# New American Freedom Train Boxcar



## tmmhead (Feb 22, 2008)

After deciding to give the battery and TIU in a boxcar a try for my American Freedom Train I realized that I was in need of a boxcar that would fit more with the them of the engine. After 1 MTH boxcar, a little paint and some decals from Stan Cedarleaf this is the outcome. 

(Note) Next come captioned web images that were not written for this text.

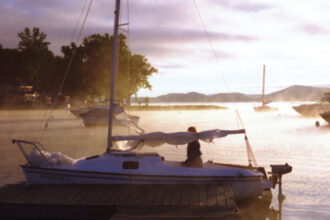 A picture of a boat in the sunrise
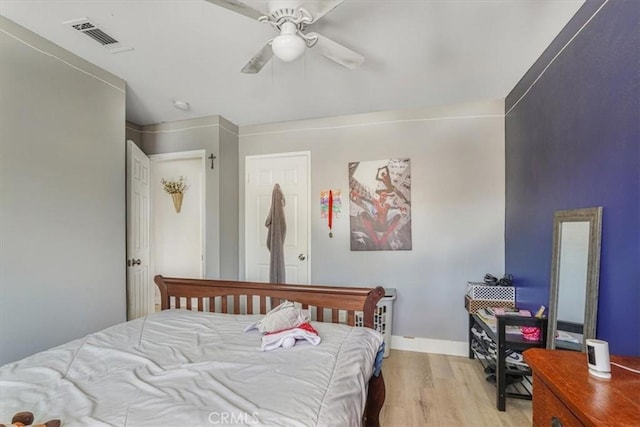 2111 Sanford St, Oxnard, CA 93033 - bedroom featuring baseboards, a ceiling fan, visible vents, and wood finished floors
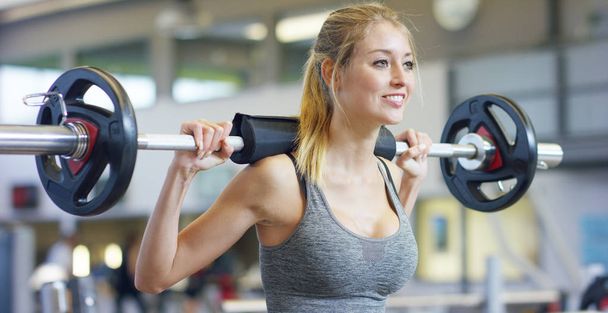 Young beautiful girl in the gym doing exercises on the squat with a barbell, improving the muscles of the buttocks and legs Concept love sports attend a gym proper nutrition slender body to be healthy - 写真・画像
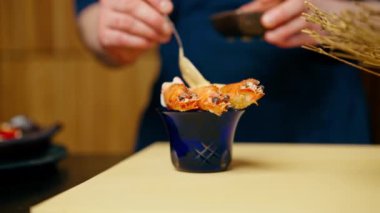 Japon restoranında mavi üniformalı bir şef karidesin üzerine sos döker.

Thanks DM. I figured out how to reduce the size down to 640x480


----------



## tmmhead (Feb 22, 2008)

Does anyone know of a good size to post pictures so that they are quit as big or too small to see. 

Thanks, 

Tim


----------



## Rayman4449 (Jan 2, 2008)

Hey Tim, 

The max size we can post is 640x480. Looks great!!! 

Raymond


----------



## Torby (Jan 2, 2008)

Nice work.


----------



## tmmhead (Feb 22, 2008)

Thanks for the compliments. When I figure out how to get the correct size I'll add a few more. 

Tim


----------



## NTCGRR (Jan 2, 2008)

Blends in great


----------



## Stan Cedarleaf (Jan 2, 2008)

That sure turned out great, Tim...... Great images...


----------



## Great Western (Jan 2, 2008)

Very sharp indeed Tim. A job well done by all.


----------



## tmmhead (Feb 22, 2008)

Thank you. I am glad it came out well enough to share it with the forum.


----------